Com essa liberdade, Bruscky se dá o direito de criar o tempo todo. Vai transformando cada atitude em proposta de arte. Atua entre a imaginação e o lúdico, com irreverência e humor. Daí a foto de 1984, onde o próprio e Daniel Santiago posam com uma faixa avisando: “Limpo e desinfetado”. É exatamente na condição de artista limpo e desinfetado que Bruscky satiriza a institucionalização da arte. “Com seu humor, combate a atitude pretensiosa da alta cultura, em sua ênfase absoluta no profissionalismo do artista, na noção romântica de artista como gênio, distinto representante da elite.”

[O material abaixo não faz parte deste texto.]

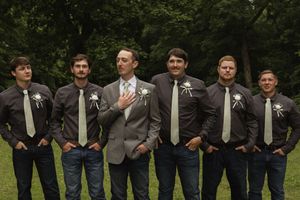 Groomsmen in dark suits and jeans pose in casual stance outdoors.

A trajetória de Bruscky é apresentada em seis capítulos, destacando as diversas fases e as suas múltiplas faces. Cristina apresenta temas como a relação do artista com o grupo de vanguarda Fluxus, as performances e ações na época da ditadura militar, a poesia visual, os livros de artista, a relação entre poesia visual e sonora, as intervenções urbanas e a utilização ampla dos meios de reprodução, como fotografia, fax, heliografia e xerox, além dos inventos que articulam arte, ciência e jogo.
Interessante é a análise da poesia visual do artista. “Bruscky tem como inspiração declarada a obra do artista pernambucano Vicente do Rego Monteiro, que ele vem pesquisando exaustivamente”, analisa Cristina. “Observa-se, em sua trajetória, que sua poética caminha lado a lado com uma busca quase quixotesca da ampliação das sensibilidades, sempre incluindo mais interlocutores. Em primeiro plano, está a mais íntima relação entre arte e vida.”